March 24, 2024

Is America’s healthcare system a kleptocapitalist nightmare?

American health care is perishing under the weight of its greed, according to an editorial in JAMA by Donald M. Berwick, a well-known former administrator of the Centers for Medicare and Medicaid Services (CMS).

In an essay titled “Salve Lucrum*: The Existential Threat of Greed in US Health Care’, Berwick argues that

The grip of financial self-interest in US health care is becoming a stranglehold, with dangerous and pervasive consequences. No sector of US health care is immune from the immoderate pursuit of profit, neither drug companies, nor insurers, nor hospitals, nor investors, nor physician practices …

Profit may have its place in motivating innovation and higher quality in health care, as in any industry.

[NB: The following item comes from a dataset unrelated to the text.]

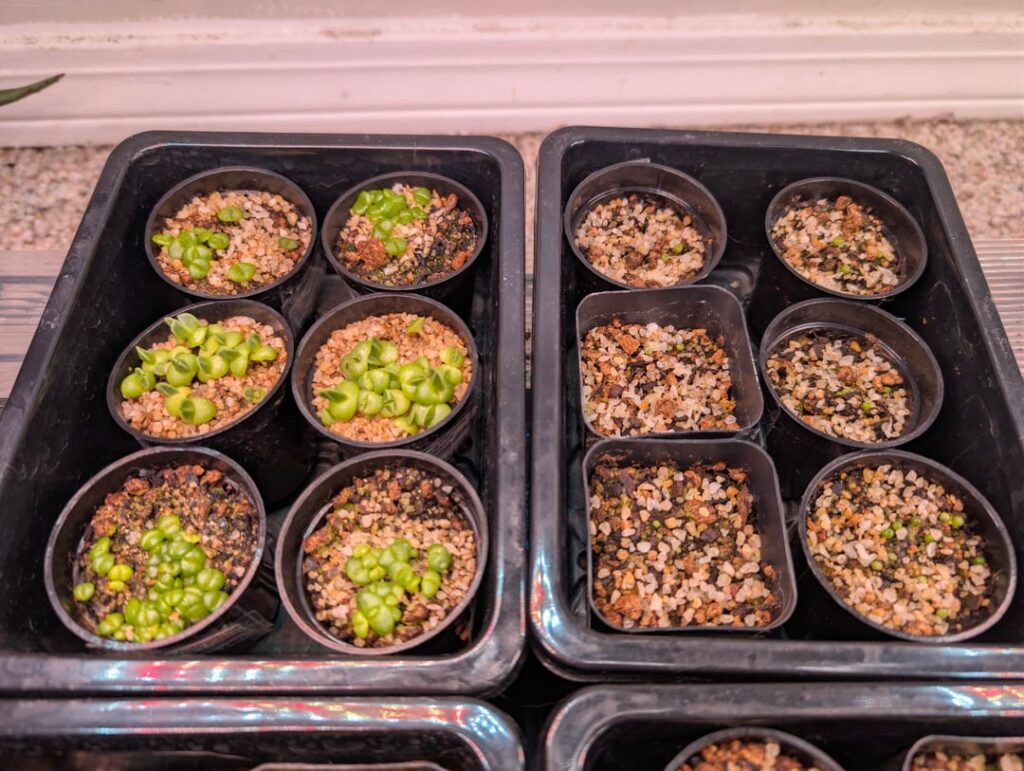 Help with conophytum seedlings? Help with conophytum seedlings?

But kleptocapitalist behaviors that raise prices, salaries, market power, and government payment to extreme levels hurt patients and families, vulnerable institutions, governmental programs, small and large businesses, and workforce morale. Those behaviors, mostly legal but nonetheless wrong, have now accumulated to a level that poses an existential threat to a sustainable, equitable, and compassionate health care system.

Comments on his eloquent anger by readers of JAMA were varied. Most were supportive, but others supported the free market in the provision of healthcare: “Excessive prices and waste in medical goods and services in the U.S. is [sic] due to unnecessary government intervention and third-party involvement in payment. These things are controlled to some extent elsewhere by rationing. Greed will never be removed from human interactions. What keeps it in check is free competition.”

*Salve Lucrum is a Latin phrase meaning “hail, profit!”